By Jim Boyce | Saturday night drinks with Tianjin-based businessman Martin Winchell inspired this long overdue post about a visit to his adopted city last year and a stay in the intriguing Astor Hotel.
The Astor dates to 1863 and has housed guests like modern China founder Sun Yat-sen, “Last Emperor” Pu Yi and U.S. President Ulysses Grant as well as, simultaneously, the consulates of Canada, Germany, Japan and the United States. Oh, and the “girl in the wall”. More on her below.
Many of the Astor’s rooms feature plaques that explain who slept there. One of my favorites concerns a fellow Canuck:
Aloha Wanderwell: A Canadian born adventurer who ran away from a convent in France. Although her real name was Galcia Hall, she was dubbed “Aloha” because of her lively personality, by her husband, Walter Wanderwell. She is famous for being the first woman to drive around the world. During her tour in China, she stated at The Astor Hotel, one of her official sponsors.

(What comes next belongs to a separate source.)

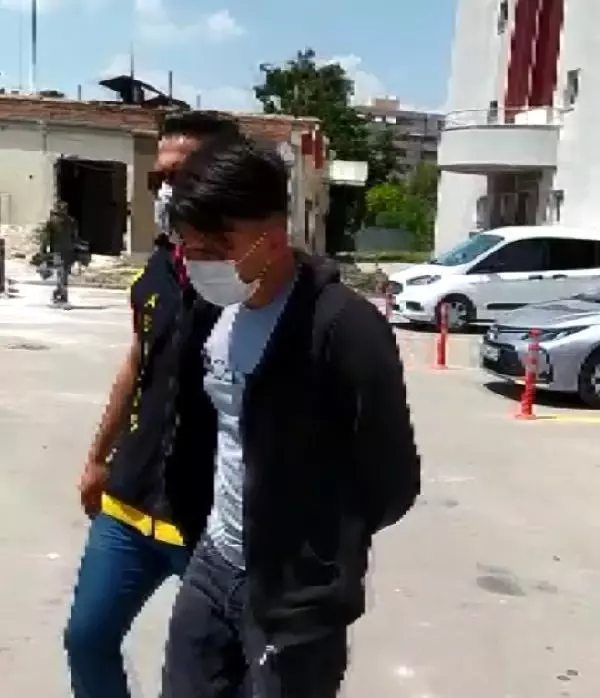 ADANA FETÖ TEHDİDİYLE 40 BİN LİRA DOLANDIRAN 3 ŞÜPHELİ TUTUKLANDI ADANA FETÖ TEHDİDİYLE 40 BİN LİRA DOLANDIRAN 3 ŞÜPHELİ TUTUKLANDI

The visit is recorded on the Aloha Wanderwell website:
Founded by pastor John Innocent by the Hai River in the former British Concession, the Astor started as a one-story structure before renovations tripled its height in 1886. A hotel time-line states it was the first Tianjin establishment with running water (in 1899, the year then-businessman and future U.S. president Herbert Hoover moved in), thermostat heating (1905) and, during more renovations, an OTIS elevator (1924).
The Japanese army grabbed the Astor in 1941 and put the hotel’s British shareholders in a concentration camp. They were eventually freed—the hotel bar O’Hara’s is named after one of them. When the Red Army took control of Tianjin in 1949, the victory party was held at the Astor. The hotel would see many changes over the years, such as an eight-story addition in 1987 and a national cultural heritage site listing in 1996.
The Astor became increasingly seedy until major renovations a half-dozen years ago returned the mojo both to the older “heritage” section, where rooms feature high ceilings and four-poster beds, and the newer one facing the Hai River.
Winchell, who heads Tianjin’s American Chamber of Commerce and has sent many guests Astor’s way over the years, gave us a tour of the hotel’s basement. Once the site of much drinking and depravity, it is now home to a museum.
We looked through an account book with a century-plus of entries, photos of the who’s who that stayed at the hotel (my favorite is Ulysses Grant and Li Hongzhang, one of China’s more intriguing characters) and menus, complete with wine pairings, from bygone eras.
We also checked out more suites that housed famous guests, including one that today serves as a prayer room for Buddhists. States the hotel, “in 1954, a Tibetan committee, including the Living Buddha Apei Awangjinmei, stayed at The Astor Hotel and a special room was organized where the 10th Banchan chanted the Buddhist Sutra.”
As we walked the halls with Winchell and a hotel guide, someone asked about rumors the place was haunted.
Who really knows, said the guide. Then added: In this very hallway, a family took a similar tour a few years ago and the daughter, lingering behind, suddenly asked, “Mommy, who’s that girl?”
The parents turned, saw no one besides their child, and said, “Darling, what ever are you talking about?”
“There,” she replied and pointed a finger sideways. “The girl in the wall. She’s waving at me.”
Yikes. Maybe best to stay on another floor! Or just stick in O’Hara’s drinking martinis.